◆ Your task ◆
Only the closing stretch of the material is wanted: the line containing "BURLINGTON Støvletter i blå: forside" and every line after it, transcribed exactly.

◆ Data ◆
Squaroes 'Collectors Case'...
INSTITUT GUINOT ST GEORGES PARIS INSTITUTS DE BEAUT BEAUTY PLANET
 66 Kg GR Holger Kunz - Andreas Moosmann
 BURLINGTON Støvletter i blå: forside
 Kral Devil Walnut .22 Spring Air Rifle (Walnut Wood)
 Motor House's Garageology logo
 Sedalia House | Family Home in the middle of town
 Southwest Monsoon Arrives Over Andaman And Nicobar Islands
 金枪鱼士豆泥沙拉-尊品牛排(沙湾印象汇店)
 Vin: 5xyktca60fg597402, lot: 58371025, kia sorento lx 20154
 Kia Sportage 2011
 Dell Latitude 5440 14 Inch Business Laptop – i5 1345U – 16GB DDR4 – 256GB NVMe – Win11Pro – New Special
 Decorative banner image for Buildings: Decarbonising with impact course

◆ Response area ◆
 BURLINGTON Støvletter i blå: forside
 Kral Devil Walnut .22 Spring Air Rifle (Walnut Wood)
 Motor House's Garageology logo
 Sedalia House | Family Home in the middle of town
 Southwest Monsoon Arrives Over Andaman And Nicobar Islands
 金枪鱼士豆泥沙拉-尊品牛排(沙湾印象汇店)
 Vin: 5xyktca60fg597402, lot: 58371025, kia sorento lx 20154
 Kia Sportage 2011
 Dell Latitude 5440 14 Inch Business Laptop – i5 1345U – 16GB DDR4 – 256GB NVMe – Win11Pro – New Special
 Decorative banner image for Buildings: Decarbonising with impact course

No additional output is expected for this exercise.